■ What is being asked
Retrieve every line of the data holding the word "Marble".

■ Records supplied
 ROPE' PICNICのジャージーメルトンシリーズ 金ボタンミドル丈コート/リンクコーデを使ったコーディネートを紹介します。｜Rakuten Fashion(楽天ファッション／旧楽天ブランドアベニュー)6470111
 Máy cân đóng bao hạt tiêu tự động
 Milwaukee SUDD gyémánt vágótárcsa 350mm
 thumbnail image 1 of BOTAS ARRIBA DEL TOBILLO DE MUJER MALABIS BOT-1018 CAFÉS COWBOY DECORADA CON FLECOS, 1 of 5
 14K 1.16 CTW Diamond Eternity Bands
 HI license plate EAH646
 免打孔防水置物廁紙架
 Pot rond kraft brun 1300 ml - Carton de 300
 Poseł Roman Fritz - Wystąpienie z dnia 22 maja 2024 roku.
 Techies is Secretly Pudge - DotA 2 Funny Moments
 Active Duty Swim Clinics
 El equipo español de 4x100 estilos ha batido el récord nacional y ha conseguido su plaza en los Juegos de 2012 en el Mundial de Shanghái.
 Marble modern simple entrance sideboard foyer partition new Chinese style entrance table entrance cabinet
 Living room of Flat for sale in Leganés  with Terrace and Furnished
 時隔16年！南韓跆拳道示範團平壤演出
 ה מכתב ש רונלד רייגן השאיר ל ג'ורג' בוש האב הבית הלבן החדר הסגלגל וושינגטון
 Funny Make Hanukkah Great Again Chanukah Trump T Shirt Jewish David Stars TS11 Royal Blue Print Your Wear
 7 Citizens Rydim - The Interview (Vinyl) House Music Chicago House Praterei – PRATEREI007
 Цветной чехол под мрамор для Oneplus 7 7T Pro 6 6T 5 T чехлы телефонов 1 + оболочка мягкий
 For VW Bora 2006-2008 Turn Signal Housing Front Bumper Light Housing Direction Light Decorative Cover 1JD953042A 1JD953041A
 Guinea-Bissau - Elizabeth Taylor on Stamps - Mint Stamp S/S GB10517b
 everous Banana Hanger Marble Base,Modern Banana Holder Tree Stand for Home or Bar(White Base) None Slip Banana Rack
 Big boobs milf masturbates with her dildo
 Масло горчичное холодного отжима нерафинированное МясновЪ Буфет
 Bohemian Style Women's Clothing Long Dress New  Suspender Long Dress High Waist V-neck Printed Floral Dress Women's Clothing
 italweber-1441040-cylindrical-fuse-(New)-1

■ Result for this task
 Marble modern simple entrance sideboard foyer partition new Chinese style entrance table entrance cabinet
 everous Banana Hanger Marble Base,Modern Banana Holder Tree Stand for Home or Bar(White Base) None Slip Banana Rack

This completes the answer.